Harold and Margaret Sprout, in “Toward a New Order of Sea Power,” the second volume of what is to be a definitive history of the rise of American sea power, lay clear the background. The first World War seemed to confirm Mahan’s central doctrine that the hit-and-run guerilla warfare of raider and submarine could never defeat a nation which possessed a fleet of great ships. But the theory was confirmed only by a slender margin: Britain almost went down before Germany’s U-boats. And the War diluted Mahan’s conditions as well: in place of one sea empire based upon strong points all about the globe, now there appeared several sea empires.
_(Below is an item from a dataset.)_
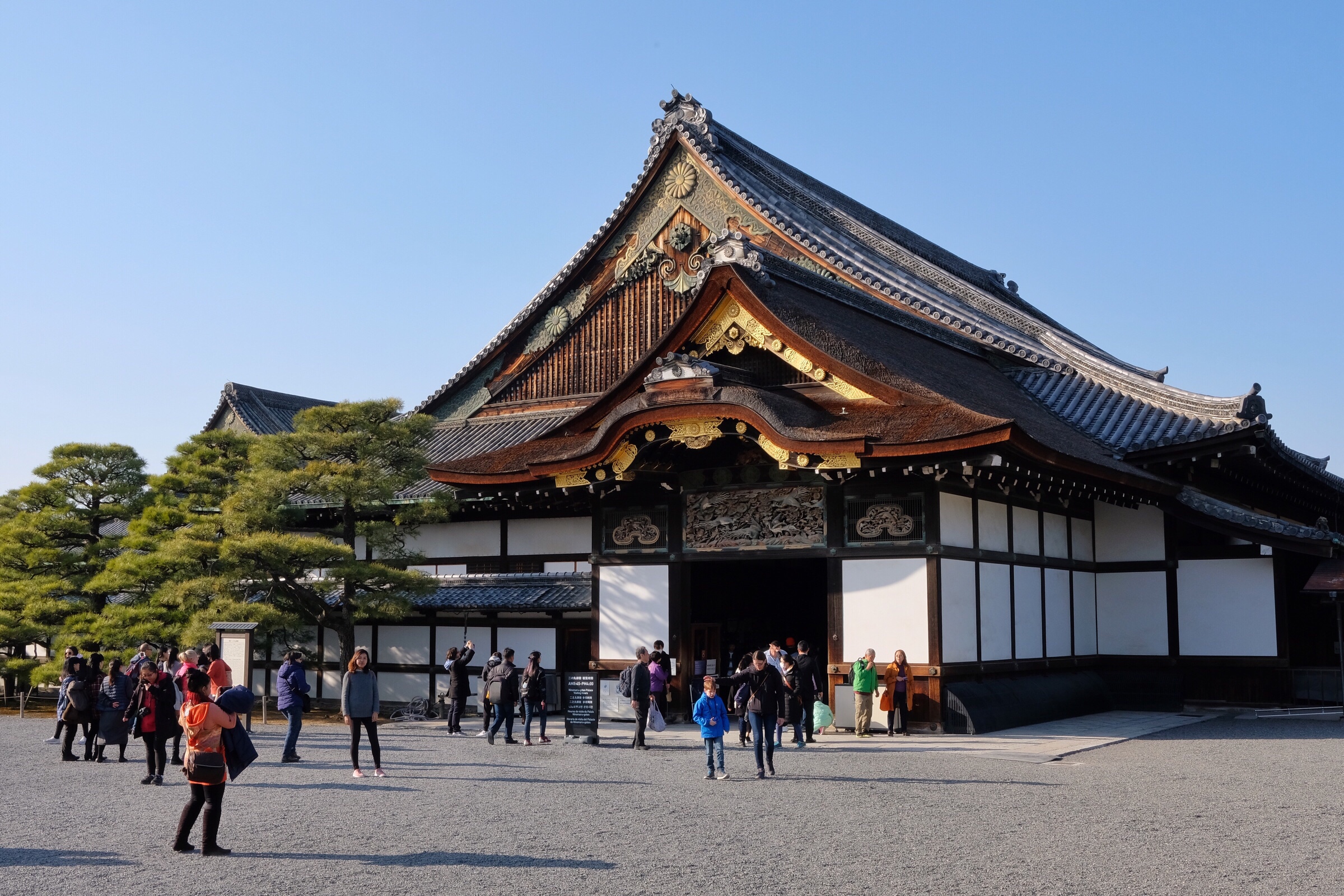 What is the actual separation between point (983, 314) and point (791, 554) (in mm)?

The huge growth of the American fleet was answered by an even more rapid swelling of the Japanese (from four capital ships in 1914 to a projected twenty-five for 1927); and, what was more ominous, the assistance which Japan had given to the Allies against Germany had to be repaid by awarding to the Island Empire the German possessions in the Pacific, with the result that the advanced American bases were outflanked, and Singapore was threatened. Mahan’s doctrine had foreseen a dominant sea power fighting a sea-raiding land power; but not a sea power being attacked in force by another sea power which had sheltered waters at its disposal (i. e„ the Sea of Japan) from which to descend upon the bases of the first.
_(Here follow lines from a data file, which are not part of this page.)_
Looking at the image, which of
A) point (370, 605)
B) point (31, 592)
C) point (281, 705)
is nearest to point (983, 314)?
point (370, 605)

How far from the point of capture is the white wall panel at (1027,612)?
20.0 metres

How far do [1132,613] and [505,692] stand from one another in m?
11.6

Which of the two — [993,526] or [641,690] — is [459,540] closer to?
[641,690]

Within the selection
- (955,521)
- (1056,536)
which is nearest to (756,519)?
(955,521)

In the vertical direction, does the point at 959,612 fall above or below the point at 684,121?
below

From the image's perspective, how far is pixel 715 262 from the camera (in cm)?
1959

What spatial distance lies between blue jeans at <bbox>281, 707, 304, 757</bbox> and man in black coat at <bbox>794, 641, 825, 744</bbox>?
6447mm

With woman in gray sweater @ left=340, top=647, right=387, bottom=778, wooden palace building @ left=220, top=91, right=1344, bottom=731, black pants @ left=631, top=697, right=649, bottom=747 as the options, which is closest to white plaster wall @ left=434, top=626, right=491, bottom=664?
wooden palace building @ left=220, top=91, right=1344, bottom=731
It was assumed in England, even in 1919, that a Japanese assault would be accompanied by threats near home; and thus there appeared the specter of dispersed forces and endangered communications. Here was the problem which Anglo-American diplomacy spent two decades trying to solve: the problem of a multi-front war, or of a war upon a remote front, where the attacker’s objectives were immediate, and the defenders’ interests far-flung.

Lord Jellicoe wanted to solve it by stationing a fleet of fourteen capital ships at Singapore; but the Washington Naval Treaty scrapped his fourteen ships. Then Britain tried to solve it by declaring that she could do nothing about the Pacific, and that the United States must take on the job. But this was a solution for only so long as Britain maintained clear superiority over every possible combination in the Atlantic and the Mediterranean. This—since one must now count French ships as Axis ships—she failed to do. As a result the two-front problem, once Britain’s headache, has now become America’s crisis.

Captain W. D. Puleston, the former chief of Naval Intelligence, recommended some time ago that in case of an Axis attack we should charge with our entire fleet into the western Pacific and endeavor there to knock out Japan, to whose sea forces, he said, ours were in every respect superior. This was a plan after the model of von Schlieffen, the German strategist of 1914: one front was to be denuded while a decisive victory was to be sought on the other; thereupon the forces were to be hurled bodily across to throw back the first invader.

The writers in the present collection are not so sanguine. Mr. Baldwin agrees with Captain Puleston that we must not try to fight in both oceans simultaneously; but he thinks that our best bet is in the Atlantic, while the far Pacific may become our graveyard. He doubts that we could hold the Philippines, but he is sure that we can sit tight at Honolulu while we busy ourselves elsewhere driving the Germans off the Atlantic. Mr. Pratt, too, reminds us in “America and Total War” that Manila is almost five thousand miles west of Hawaii, and that our big ships would find no proper docking facilities when they reached it. So he counsels cruiser and submarine warfare in the western Pacific, while we are to keep our main forces nearer home.

Fleming MacLiesh and Cushman Reynolds, authors of “Strategy of the Americas,” are the most doubtful of all of our Pacific chances. They think we ought to abandon our Far Eastern interests entirely, post the fleet on guard in the Atlantic, and rely upon a few remaining cruisers to “harry the Japanese fleet as it advanced eastward.” Our job, as they see it, “would be not to fight a fleet action but rather to avoid one.” These arguments have the merits of caution and conservatism, but they overlook the question as to why the Japanese fleet should want to “advance eastward” at all. Japan’s advance is aimed not eastward into the ocean wastes, but southward at the specific goal of Malaya. If she gets Malaya—as Messrs. MacLiesh and Reynolds seem willing to permit her to do—she gets our rubber and our tin, and she will hardly feel the need of getting our elusive fleet as well.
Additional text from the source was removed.